Why Some Brands Don't Pay Bloggers

There's nothing quite frustrating like an email in your inbox from a company that wants you to promote their brand on your blog to your audience for free. I know because I have been there, done that and wrote the book, along with many of my blogger friends. Though some people get irate about these emails and couldn't possibly fathom why a brand wouldn't pay them, I know what some brands are going through and why this would happen. So, to add clarity to the situation about why some companies don't pay bloggers and influencers, I outlined a few of those reasons below.

1) Brands don't value or understand the power of an influencer. Some brands genuinely aren't aware of the influence that bloggers have with their audiences and how they can influence their profits/ROI/brand awareness. They might be more traditional and don't understand influencer partnerships or may not know how to track and measure the investment and results from partnering with bloggers.

2) They believe product samples are enough for compensation. Some companies believe that if they send you product samples for a blog post or social media mention, you will acquiesce to the request. It's because they believe that since they are giving you product for free (which is money out of their pockets), they are compensating you for your work. But for bloggers who make this their livelihood, they can't pay their bills with cheese and crackers. 

3) Many bloggers end up doing this work for free. How excited do you get when a brand contacts you on its own volition to share news about their company? And then, once you realize that it's free, you think to yourself "well it's okay because my readers would appreciate it." Well, this action is hindering other bloggers from getting paid, because some brands become accustomed to getting their way with bloggers for free. I've been guilty of this in the past, but I'm confident that ceasing the act of "doing free work" is actually teaching brands that you deserve to be paid.

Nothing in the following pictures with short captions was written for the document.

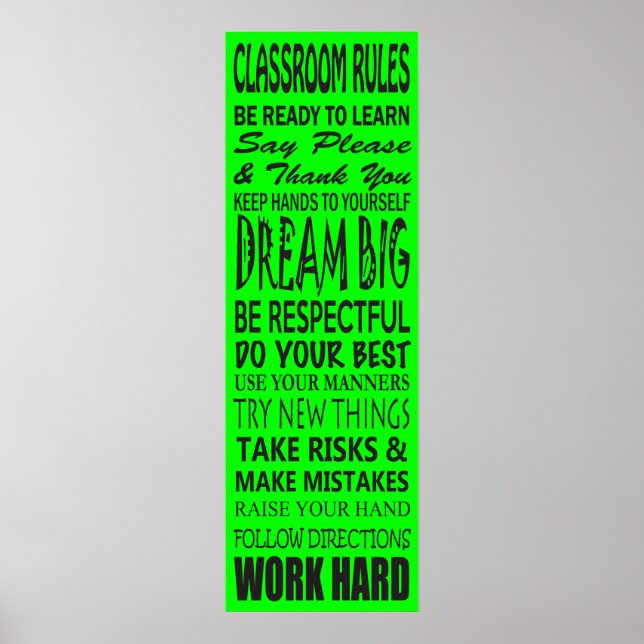 Póster Poster de reglas del aula (Lime Green), 12" x 36" (Frente)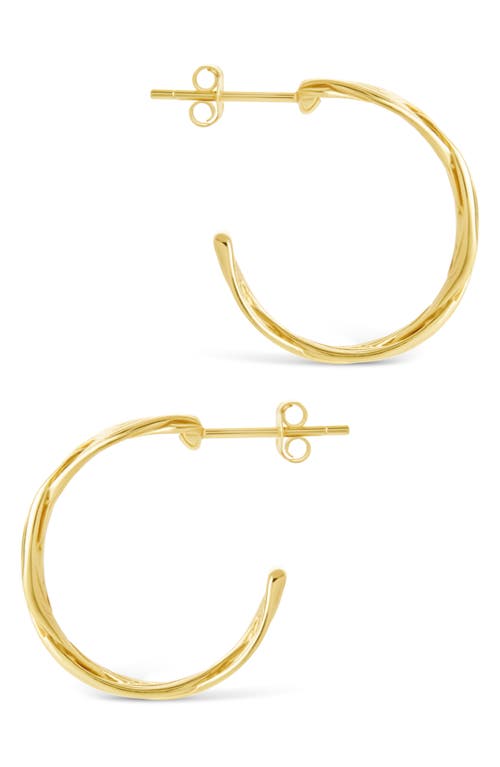 Sterling Forever Janet Ribbed Hoop Earrings In Gold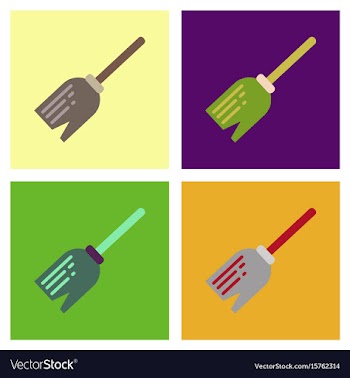 Assembly flat icons halloween witch broom vector image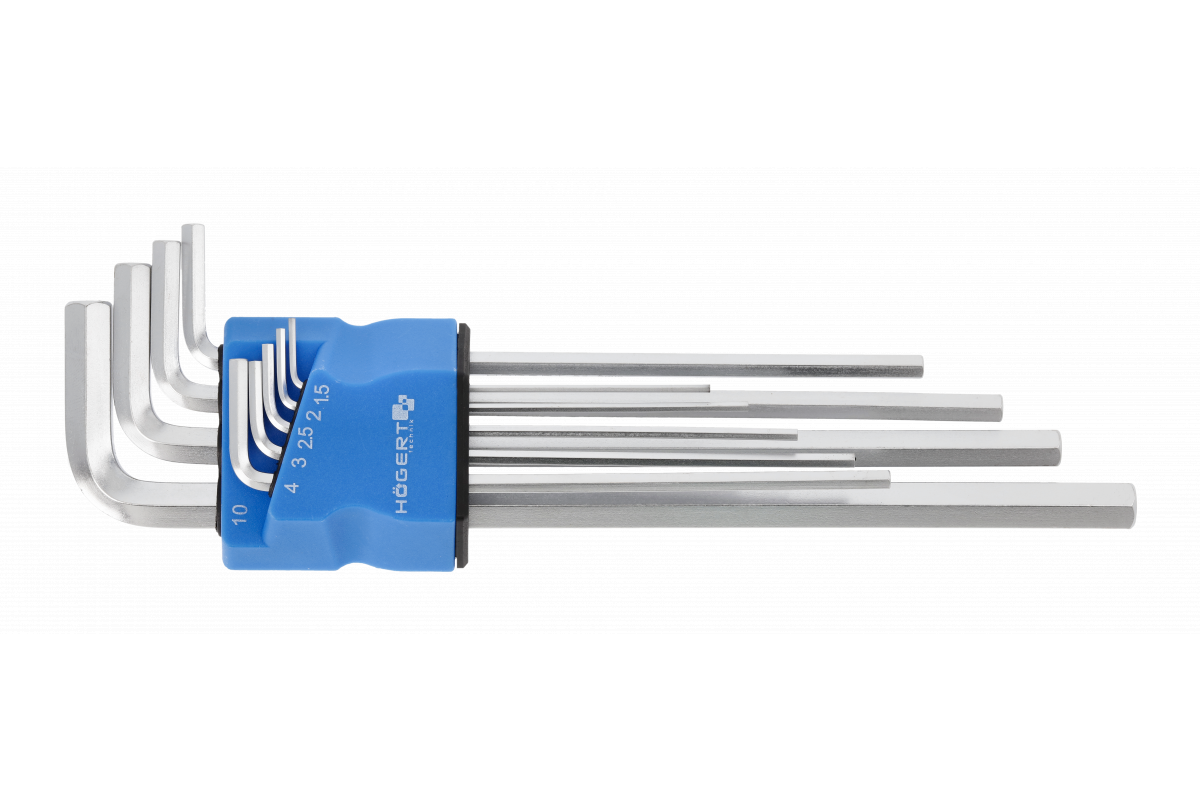 Комплект довгих шестигранних Г-образних ключів S2 1.5-10 мм Hogert Torx (HT1W822), фото 1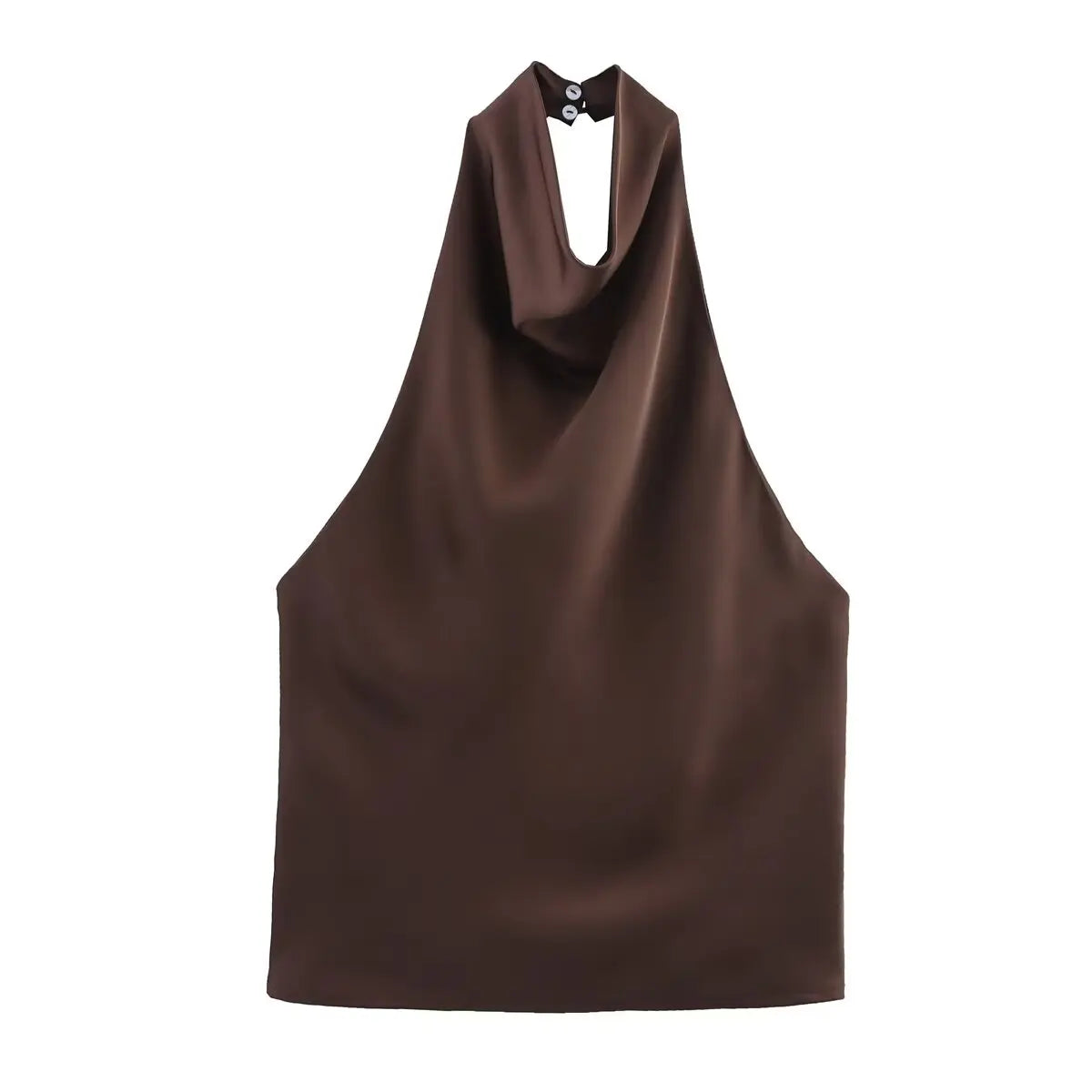 Zevity 2025 Women Chic Solid Color Sleeveless Soft Touch Halter Camis Tank Lady Backless Summer Beach Shirt Blouse Tops LS9365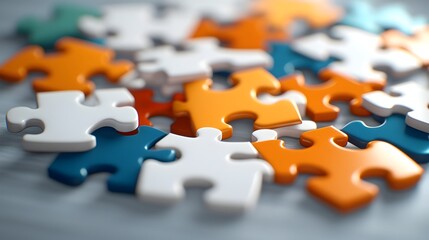 Fototapete - Glowing puzzle pieces in a vibrant array of colors arranged in a circular pattern that symbolizes the interconnectedness of ideas and concepts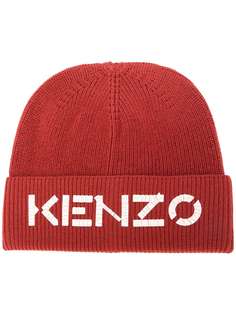 Kenzo шапка бини в рубчик с логотипом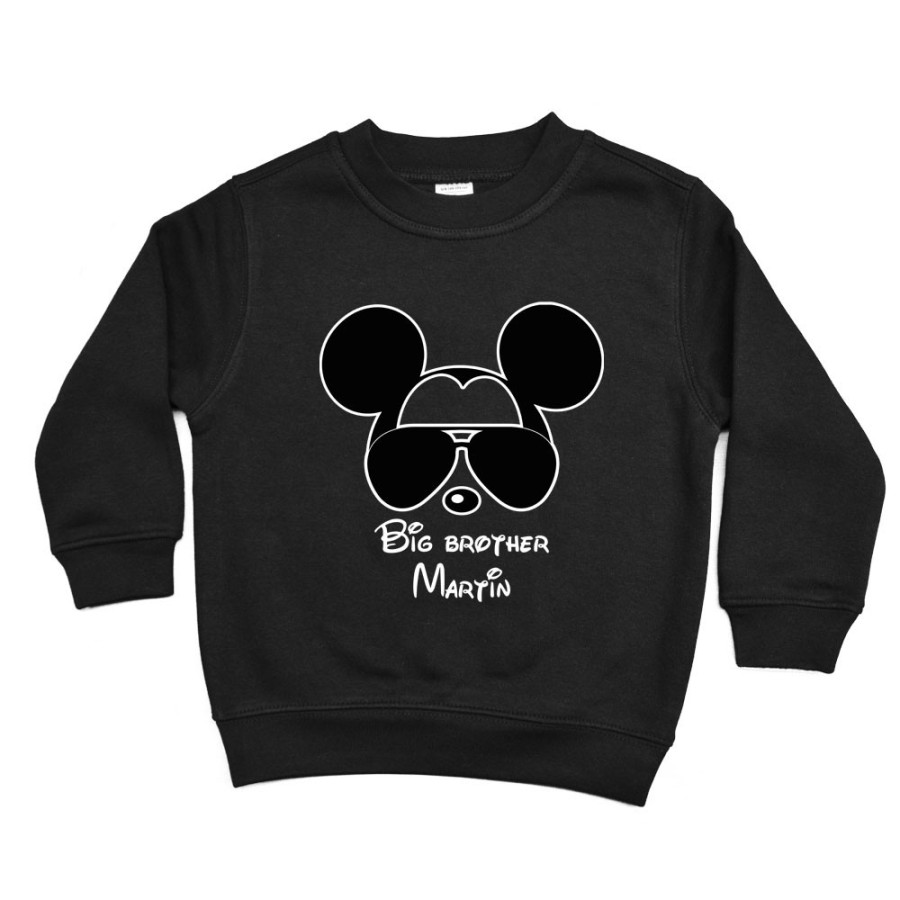 Felpa bambino personalizzato con nome big brother mickey Per la famiglia
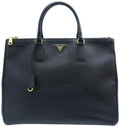 Prada Galleria Double Lux XL Saffiano Zip Black Calfskin Tote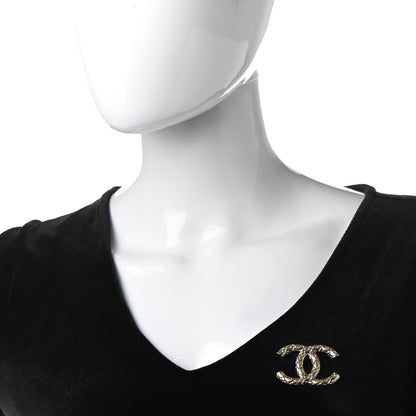 Chanel Metal CC Diamond Quilted Brooch Light Gold 2 of 5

4) Some companies see bloggers as journalists. When I worked in PR full time, one of the main types of work I did was media relations. Media relations is all about developing and cultivating relationships with journalists, sharing newsworthy or helpful information about the brands you represent and pitching this to journalist *in hopes* that they cover your client in a story. There was nothing "paid" about traditional media relations. However, because some companies see bloggers as journalists, they figure that they can reach out to them, pitch them news about their brand and expect to see the same results.

5) They don't have the budget. I know this isn't a good excuse, but hear me out. They may not have a budget line item allocated to pay for influencers or they may have run out of funds for the fiscal or calendar year.